Could you give the listing again exactly, without its pictures?

..............................

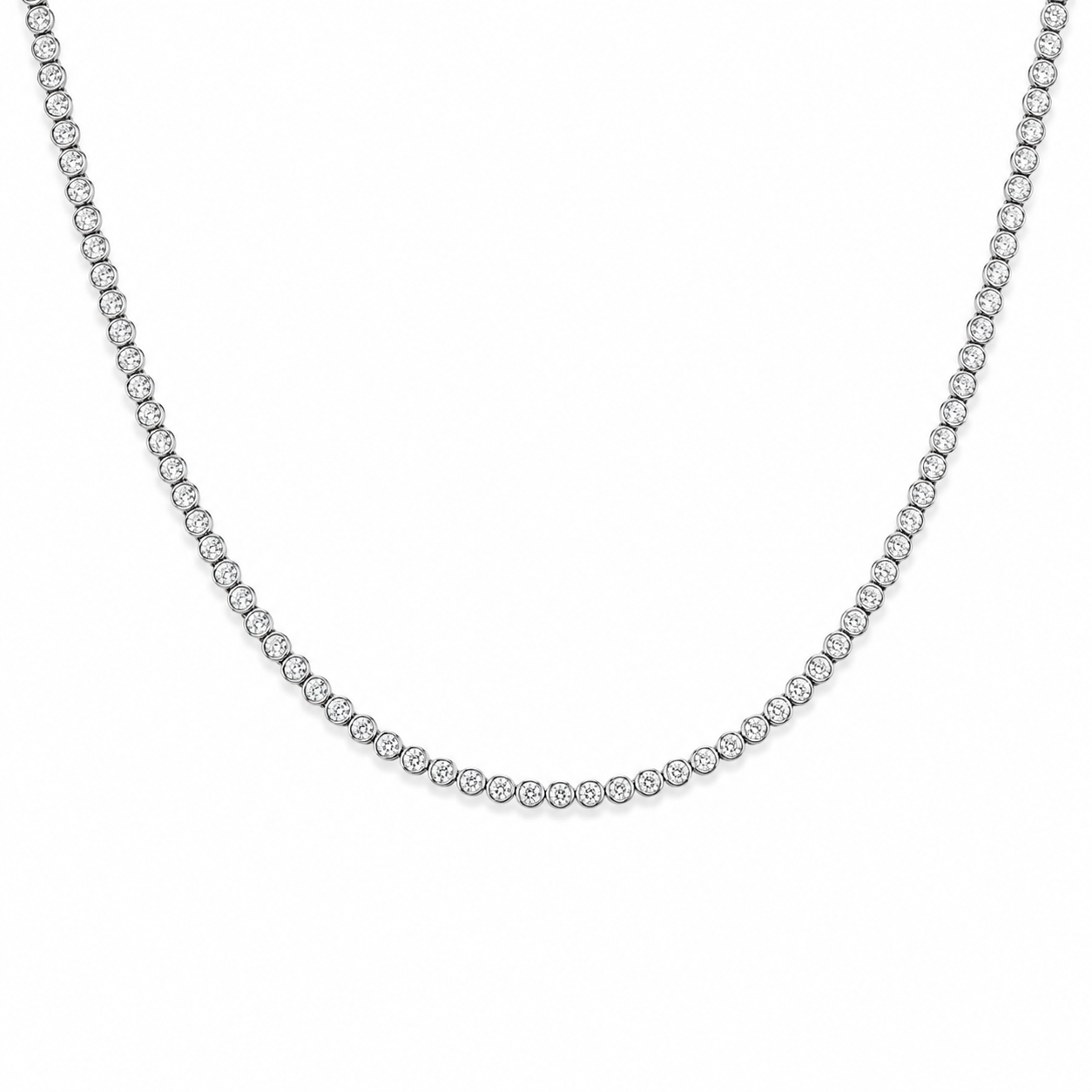 14K Gold Lab Grown Tennis Necklace - Bezel Setting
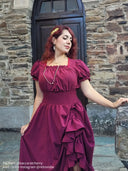 Renaissance Square Neck Wrinkles Puff Sleeves Dress - Retrorobe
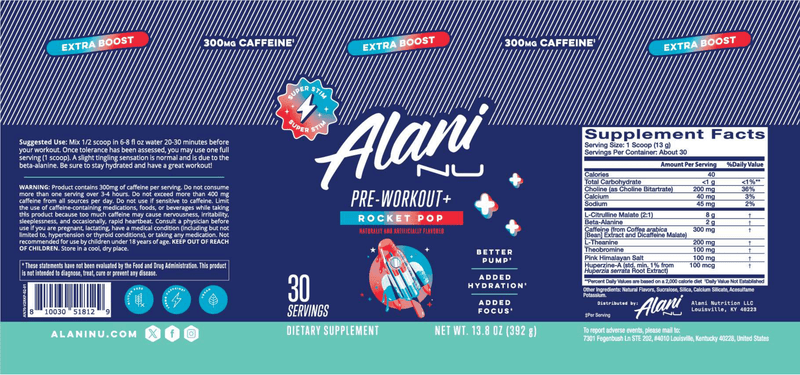 alani nu preworkout full label for rocket pop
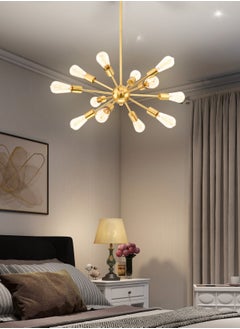 Buy 12-Light Chandelier For Kitchen Island Living Room Bedroom,Mount Ceiling Lighting,Adjustable Gold Mid Century Sphere Pendant Light in Saudi Arabia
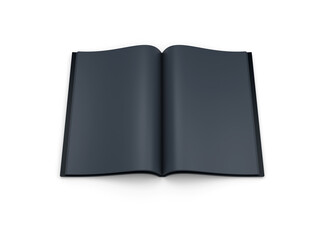 open blank black book, isolated 3d render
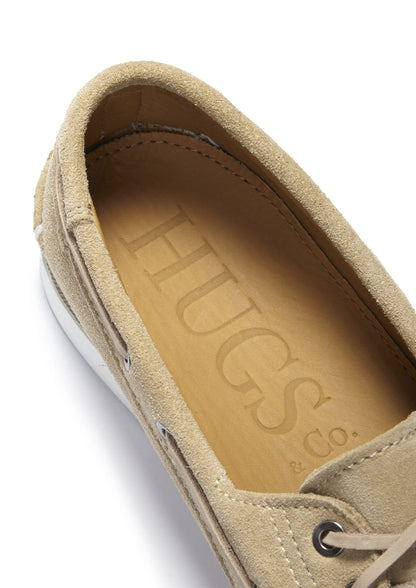 Hugs & Co Mens Deck Shoes Taupe Suede UK 7-12 - QHA UK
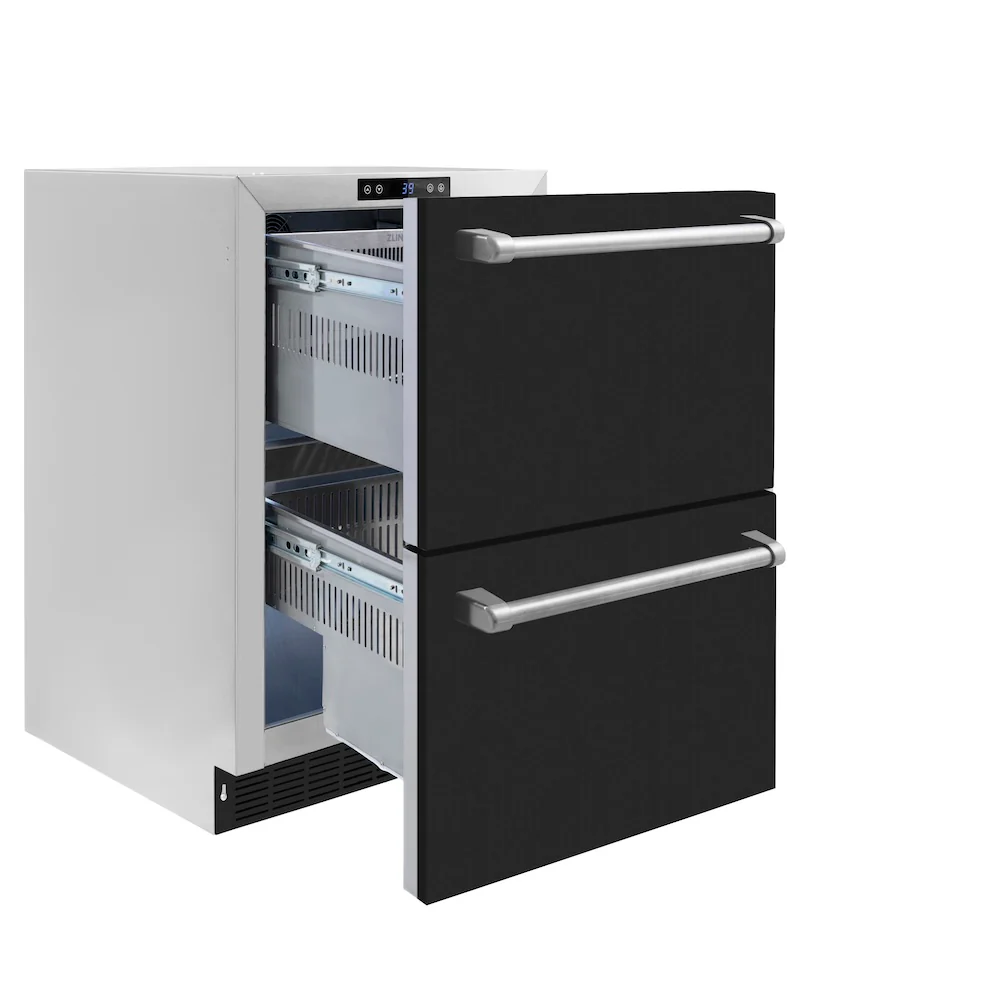 ZLINE 24 in. Touchstone 168 Can Outdoor-Rated Dual Refrigerator Drawer with Black Matte Doors (RDSO-BLM-24) - Image 6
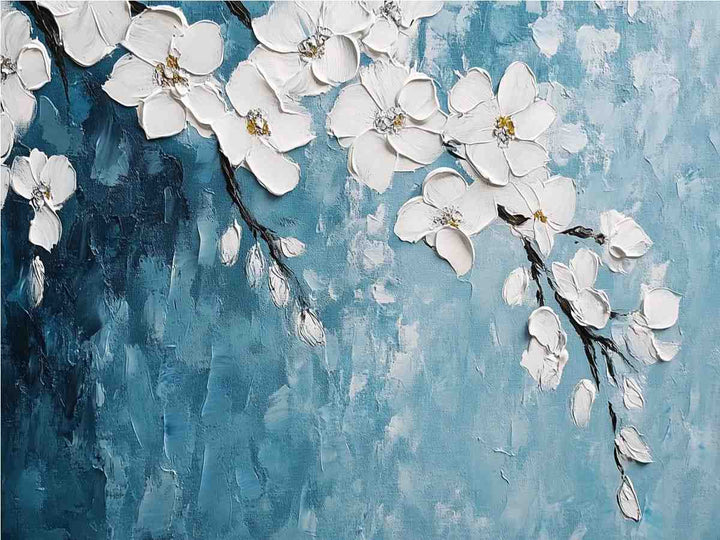 White Flowers Canvas Painting 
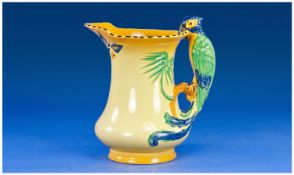 Burleigh-Ware 1930`s Parrot Handle Brightly Cut Yellow Jug. Marked to base. 8`` in height. Together
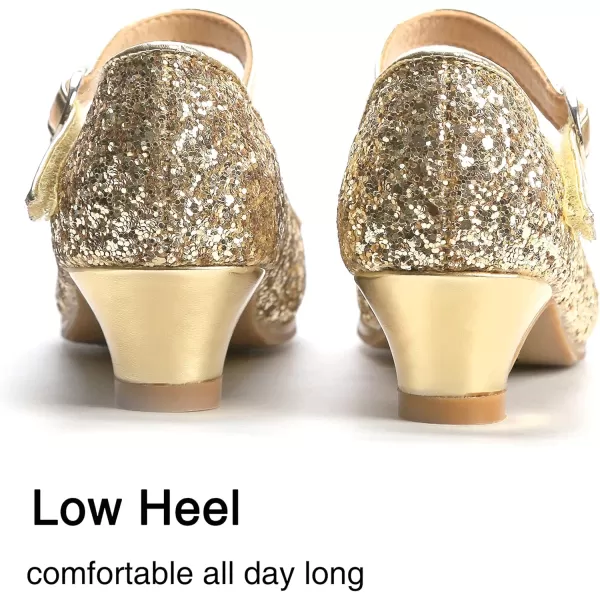THEE BRON Girls Dress Shoes Glitter Mary Jane Heels Princess Wedding Party Pumps901gold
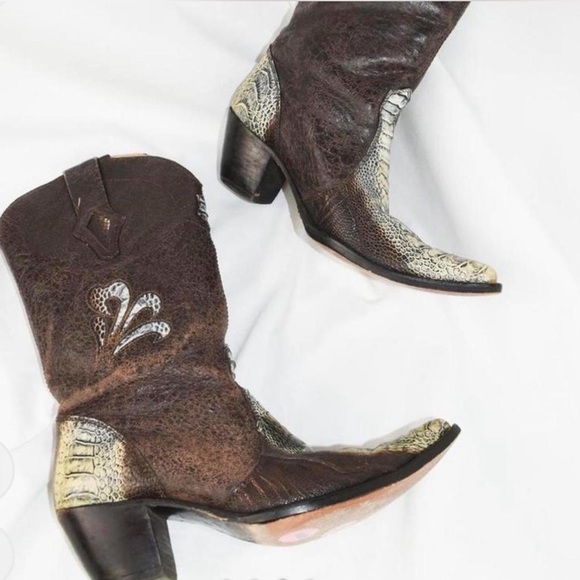Y2k Snakeskin Cowboy Boots - Picture 4 of 4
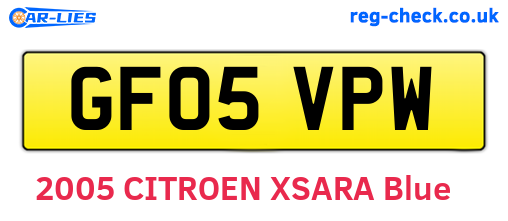GF05VPW are the vehicle registration plates.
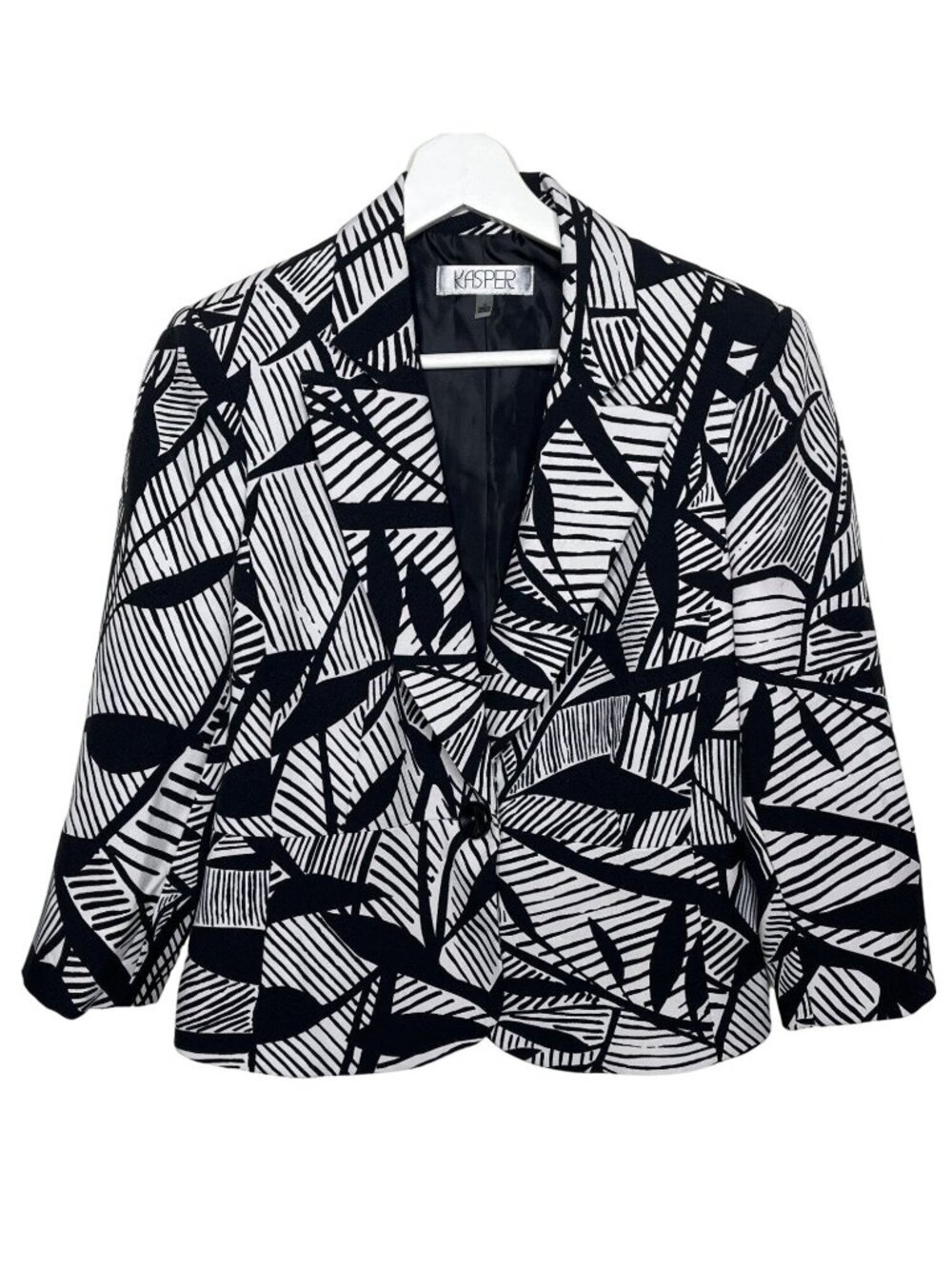 Kasper Women's Size 6 Blazer Black White Abstract Print Career Jacket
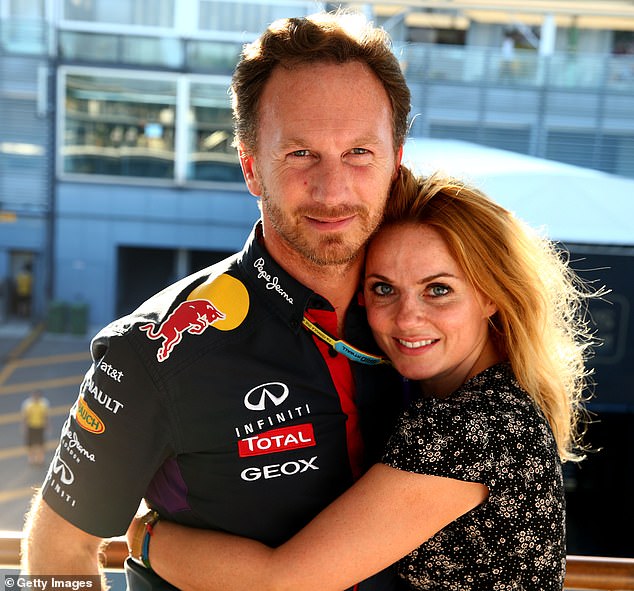 Red Bull team principal Christian Horner and Spice Girl Geri Halliwell pose after the F1 Grand Prix of Italy at Autodromo di Monza on September 7, 2014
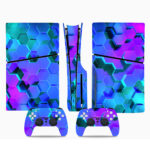 Vibrant UV Blue And Purple Hexagon PS5 Slim Skin Sticker Cover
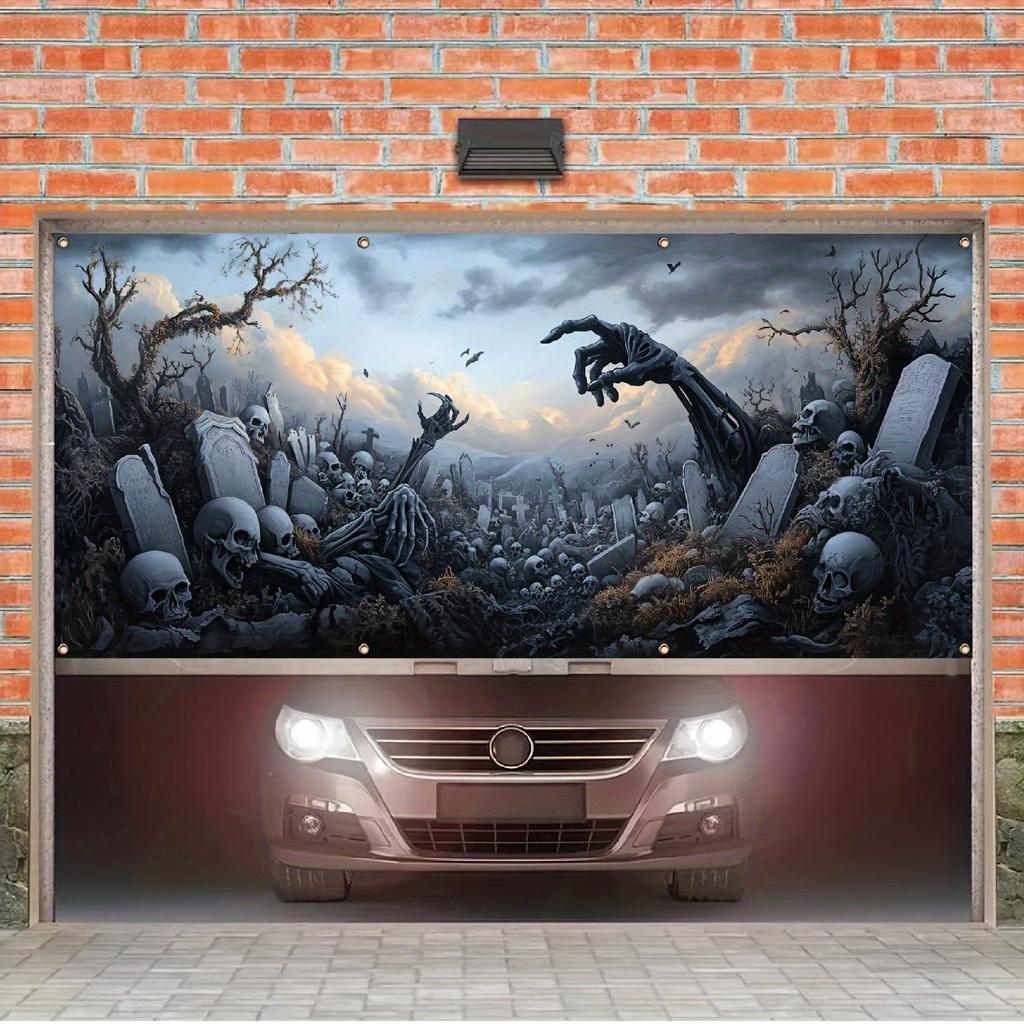 2D door cover 1 piece, Halloween garage door Decoration - Ghost graveyard and skeleton scene with bats, party background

..............................

**Written answer**
 14K Gold Lab Grown Tennis Necklace - Bezel Setting
 Renaissance Square Neck Wrinkles Puff Sleeves Dress - Retrorobe
 alani nu preworkout full label for rocket pop
 Buy 12-Light Chandelier For Kitchen Island Living Room Bedroom,Mount Ceiling Lighting,Adjustable Gold Mid Century Sphere Pendant Light in Saudi Arabia
 open blank black book, isolated 3d render
 Hugs & Co Mens Deck Shoes Taupe Suede UK 7-12 - QHA UK
 ZLINE 24 in. Touchstone 168 Can Outdoor-Rated Dual Refrigerator Drawer with Black Matte Doors (RDSO-BLM-24) - Image 6
 White Flowers Canvas Painting 
 Burleigh-Ware 1930`s Parrot Handle Brightly Cut Yellow Jug. Marked to base. 8`` in height. Together
THEE BRON Girls Dress Shoes Glitter Mary Jane Heels Princess Wedding Party Pumps901gold
Y2k Snakeskin Cowboy Boots - Picture 4 of 4
GF05VPW are the vehicle registration plates.
 Kasper Women's Size 6 Blazer Black White Abstract Print Career Jacket
 Red Bull team principal Christian Horner and Spice Girl Geri Halliwell pose after the F1 Grand Prix of Italy at Autodromo di Monza on September 7, 2014
 Vibrant UV Blue And Purple Hexagon PS5 Slim Skin Sticker Cover
 2D door cover 1 piece, Halloween garage door Decoration - Ghost graveyard and skeleton scene with bats, party background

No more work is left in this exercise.